Image-text web data>
◇ ◇ ◇ ◇ ◇ ◇ ◇
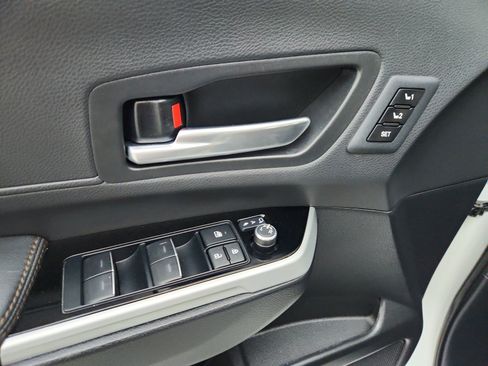 Used 2025 Toyota Sienna Limited FWD image 25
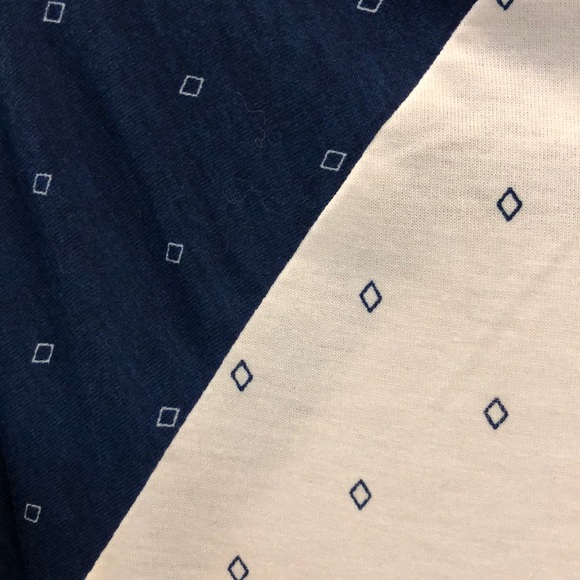 🌺 3/$21 NWT Randy Raglan style Tee - Picture 2 of 3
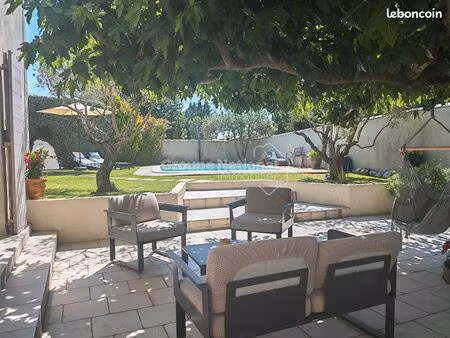 mas 12 pièces 300 m²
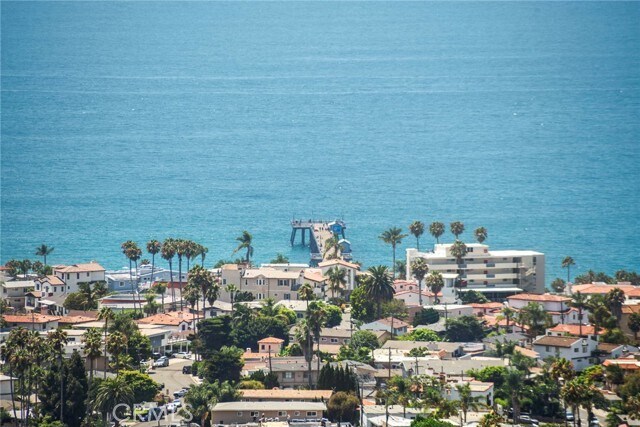 Building Photo - 411 Avenida Arlena
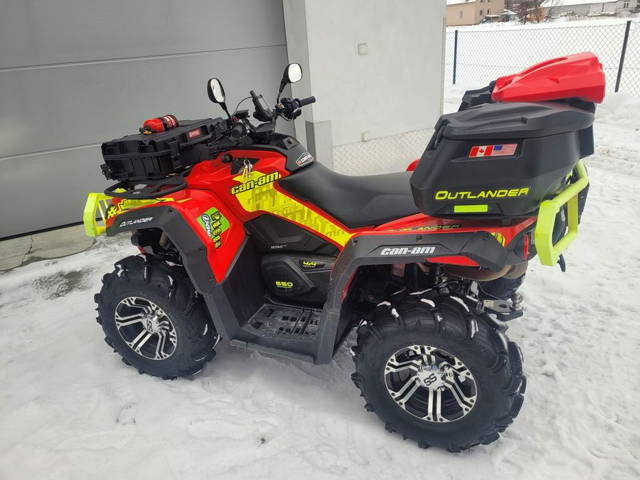 Quad Can-Am Outlander pług zarejestrowany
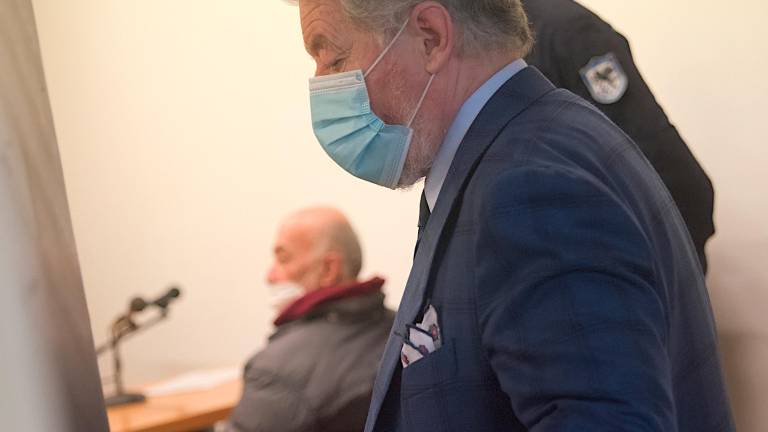 In primo piano l’avvocato Carlo Benini e sullo sfondo il dottor Mauro Passarini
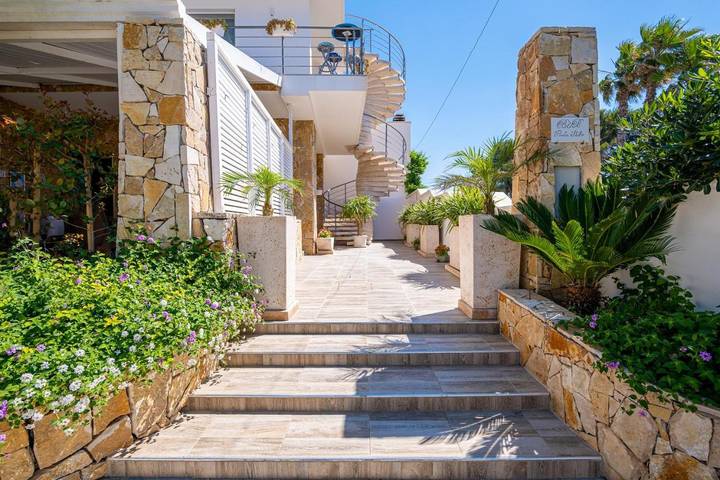 Chambre d’hôte pour 2 personnes, avec piscine ainsi que vue et jardin à Ugento - 2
◇ ◇ ◇ ◇ ◇ ◇ ◇
WHAT YOU WILL DO>
Once you find the line with "Building Photo - 411 Avenida Arlena", restate it and every later line of the data word for word, excluding the pictures.

TASK RESULT>
 Building Photo - 411 Avenida Arlena
 Quad Can-Am Outlander pług zarejestrowany
 In primo piano l’avvocato Carlo Benini e sullo sfondo il dottor Mauro Passarini
 Chambre d’hôte pour 2 personnes, avec piscine ainsi que vue et jardin à Ugento - 2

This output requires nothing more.